'Good news' for pensioners as BofE cuts base rate to 5%

The Bank of England (BofE) has cut its base rate to 5 per cent, representing the first drop in interest rates since the onset of the Covid-19 pandemic in March 2020.

Interest rates had been held at 5.25 per cent at seven successive meetings between the Bank’s Monetary Policy Committee (MPC), since they were first increased to that level in August last year.

At the latest meeting, the MPC voted by a narrow majority of five to four to reduce the base rate by 0.25 percentage points, to 5 per cent.
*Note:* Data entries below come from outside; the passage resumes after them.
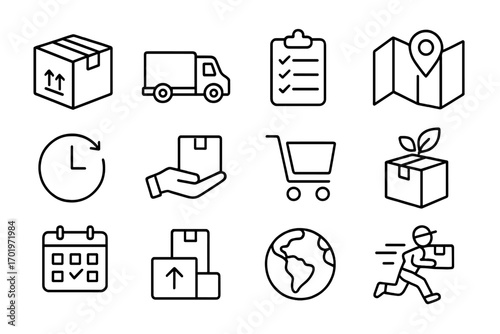 Shipping and delivery outline icon set, logistics symbols, supply chain process, eco-friendly parcel icons, transportation and cargo, fast shipping concept vector cartoon, transparent background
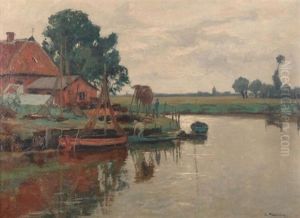 Sommertag Am Niederrhein. Vorn Am Ufer Fischer Vor Ihrer Kate, Am Horizont Ein Kleines Kirchdorf by Alfred Rasenberger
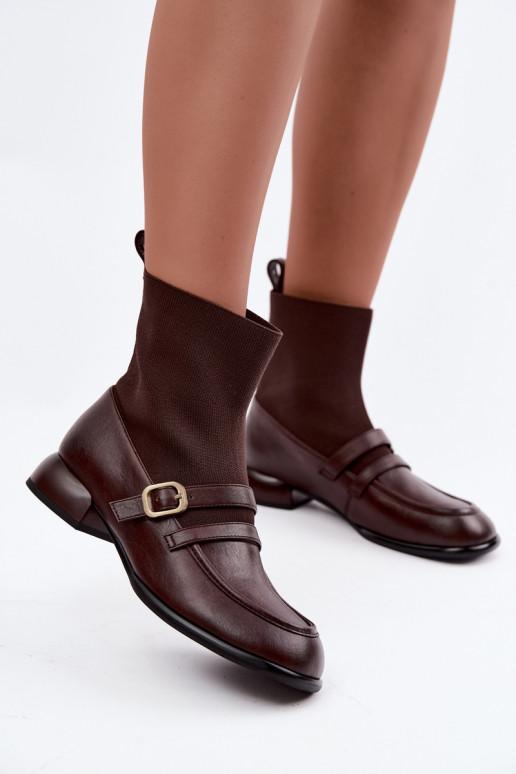 Bottes Peau avec une semelle intérieure de type chaussette Il fautciejka K7766-02 marron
Four members were in favour of maintaining the bank rate at 5.25 per cent.

Commenting on the shift, BofE Governor, Andrew Bailey, said that inflationary pressures have “eased enough that we’ve been able to cut interest rates”.

“We need to make sure inflation stays low, and be careful not to cut interest rates too quickly or by too much,” he added in a statement. “Ensuring low and stable inflation is the best thing we can do to support economic growth and the prosperity of the country.”

Standard Life managing director for retail direct, Dean Butler, described the news as a "big moment", highlighting the cut as a "milestone as the UK emerges from a prolonged cost-of-living crisis".

"Savers are likely to be less pleased," he clarified however, noting that while there are some cash savings deals still hovering around 5 per cent, "these are likely to fall off as banks react to today’s news and price in potential further rate drops later this year".

XPS Pensions Group, however, suggested that the cut will come as particularly good news for pensioners, who have suffered "substantial losses" in the real value of their pension income as a result of the spike inflation observed post Covid, where their benefits have fixed increases or are inflation linked but with a cap.

The group also pointed out that the BofE's decision has come at a time when many defined benefit (DB) pension schemes are experiencing "extremely positive funding levels".

Indeed, XPS Pensions Group's tracker showed that the aggregate surplus of UK pension schemes on long-term targets stood at approximately £186bn at the end of July, down from £194bn the previous month.

Based on assets of £1,469bn and liabilities of £1,283bn, XPS found that the aggregate funding level of UK pension schemes on a long-term target basis stood at 114 per cent of the long-term value of liabilities as of 30 July 2024.

However, XPS senior consultant, Henry Shore, pointed out that, the last time the BofE cut the base rate, at the start of the Covid-19 pandemic in March 2020, interest rates were cut to just 0.1 per cent, compared with 5 per cent today, and DB pension schemes faced combined estimated long-term target deficits in excess of £300bn.

"Whilst the significant improvements in funding levels have been great news for members, trustees and sponsors alike, it also highlights how quickly circumstances can change due to unexpected market movements," he continued.

"With The Pensions Regulator’s new DB funding code finally being laid in parliament on Monday 29 July, now is an opportune moment for trustees and sponsors of pension schemes to assess their long-term planning and risk management strategies as they look to protect their positive funding positions and reach their long-term targets.”

Adding to this, Hymans Robertson head of capital markets, Chris Arcari, warned that the pace of rate cuts from here is likely to be very gradual given the current decent growth backdrop and stickiness in underlying measures of inflation.

“While headline inflation has been at the BoE’s 2 per cent target in May and June, energy prices mean it is likely to rise in the second half of the year and is forecast to reach close to 3 per cent by the end of 2024," he continued.

"Furthermore, recent data on GDP growth, services inflation, and wage growth have all exceeded the Bank of England’s forecasts recently, which, all else equal, weighs against the BoE cutting rates."

This was echoed by Cardano senior multi-asset strategist, Ross Barr, who suggested that the overall outlook for the UK economy is "modest".

"We continue to expect to see only a shallow recovery to continue through this year and into 2025," Barr stated.

"Market consensus has moved towards our long-standing cautious view. The onus may well fall upon monetary policy to support the UK economy as recovery progresses into next year."